Define two norms on $V$ via $\Vert x\Vert_T=\Vert Tx\Vert_{\ell_1}$ and $\Vert x\Vert_S=\Vert S x\Vert_{\ell_2}$. Then $(V,\Vert\cdot\Vert_S)$ is isomorphic to $\ell_2$ and $(V,\Vert\cdot\Vert_T)$ is isomorphic to $\ell_1$. In particular, these two norms are complete.

Since $\ell_1$ is not isomorphic to $\ell_2$, it follows that these two norms are not equivalent. Per Julien's answer, these two norms have different Cauchy sequences.

Edit: here is a slightly different approach for a counterexample, without reference to any exterior Banach space. We claim that for every infinite-dimensional Banach space $(X,\|\cdot\|)$, there exists another complete norm $\|\cdot \|'$ on $X$ which is not equivalent to the original norm and therefore has different Cauchy sequences.

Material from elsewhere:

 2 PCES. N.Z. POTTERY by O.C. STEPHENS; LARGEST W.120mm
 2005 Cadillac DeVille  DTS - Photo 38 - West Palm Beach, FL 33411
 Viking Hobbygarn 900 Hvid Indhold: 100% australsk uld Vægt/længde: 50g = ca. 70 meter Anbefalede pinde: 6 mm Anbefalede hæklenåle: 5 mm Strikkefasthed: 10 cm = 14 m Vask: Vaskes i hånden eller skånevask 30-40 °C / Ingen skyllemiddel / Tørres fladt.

Let $\{x_j\,;\, j\in J\}$ be a Hamel basis for $X$. Without loss of generality, we can assume that $\|x_j\|=1$ for every $j\in J$. We know by Baire that $J$ is not countable. But all we need is that there exists $\mathbb{N}^*\simeq J_0\subseteq J$. Now consider the linear operator $T:X\longrightarrow X$ defined on the basis by $Tx_n:=nx_n$ for all $n\in\mathbb{N}^*\simeq J_0$ and $T_jx_j:=x_j$ for $j\in J\setminus J_0$. By construction, $T$ is invertible and unbounded.

Define the new norm by $\|x\|':=\|Tx\|$. Then $T:(X,\|\cdot\|')\longrightarrow (X,\|\cdot\|)$ is an isometric isomorphism whence $(X,\|\cdot\|')$ is complete. But $\mbox{Id}:(X,\|\cdot\|)\longrightarrow (X,\|\cdot\|')$ is not bounded since $T$ is not bounded by construction. So the two norms are not equivalent.

Note that it is easy to adapt the argument to construct infinitely many complete pairwise non-equivalent norms on $X$. Just because $J$ contains $\mathbb{N}\simeq \mathbb{N}\times \mathbb{N}$.

In a Banach space, a sequence is Cauchy if and only if it converges. So you are asking when two complete norms $\|x\|_1$ and $\|x\|_2$ on a given space $X$ yield the same converging sequences.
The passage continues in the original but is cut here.